MEASUREMENT OF VISCOSITY This invention relates to an apparatus and a method for determining the viscosity, at a given reference temperature, of a liquid flowing in a pipe.

There are a number of situations where it is desirable to know the viscosity of a liquid flowing in a pipe under conditions of Newtonian flow. Many liquid products, particularly petroleum products, are produced by blending two or more streams and the resulting product may have to be within certain viscosity limits.

The production of marine fuel oil by in-line blending of heavy petroleum fractions is one such example. In-line blending of fuel oils on the basis of fixed volumetric ratios requires an exact knowledge of each blend component if a good quality blend is to be obtained. However, this information is not always available at installations which have a high throughput of fuel oil and a low storage capacity. Fuel oil is usually sold on a specification which includes viscosity. Viscosity can be adjusted during blending by the addition of relatively low viscosity material known as "cutter stock". This material is expensive. If too much is used so that the viscosity is well below the limit specified by the customer then the supplier's costs are increased without any corresponding increase in income.If, however, the viscosity is too high the customer will claim against the supplier for failing to meet the agreed specification. The quantities of fuel oil involved may be very large when bunkering a large vessel. There is therefore a great need to find a way of determining the viscosity of fuel oils resulting from in-line blending of different materials so that the viscosity of the blend can be adjusted.
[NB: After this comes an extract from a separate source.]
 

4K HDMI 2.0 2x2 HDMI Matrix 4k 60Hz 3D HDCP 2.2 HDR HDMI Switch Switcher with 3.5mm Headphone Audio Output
We have tested methods of determining viscosity of viscous fluids on-line using a vibrating reed viscometer. This relies on knowing certain information about the material being tested. Even small inaccuracies in this information can adversely affect the accuracy of the result and we did not find that this was a satisfactory method.

Capillary viscometers can be used to measure viscosity but these can only take small quantities of sample. Capillary viscometers tend to have a long response time and require precise control over temperature. It would be desirable to find a method which works with relatively large samples which are more likely to be representative.
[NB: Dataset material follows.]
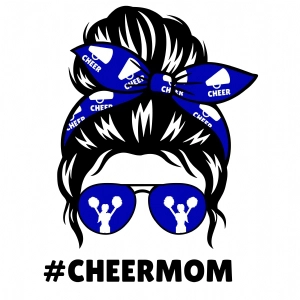 Cheer Mom Messy Bun SVG Cut File, Pom Pom Messy Bun SVG Messy Bun SVG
In other situations even if the viscosity of a flowing liquid is not crucial per se, it could be measured and used as an indication of some other required quality.

It is known that, if the viscosity of a liquid is determined at two different temperatures, then its viscosity at any other temperature can be calculated using the Walther equation. Such a technique is well known in laboratories and other static situations but as far as is known it has not been applied to liquids flowing in a pipe. Further, applying the technique to flowing liquids does require some variations from and modification of the technique as used in a static situation.

According to the present invention, apparatus for determining the viscosity, at a given reference temperature, of a liquid flowing in a pipe comprises: (a) a loop of tubing to bleed off a portion of the liquid flowing in the pipe.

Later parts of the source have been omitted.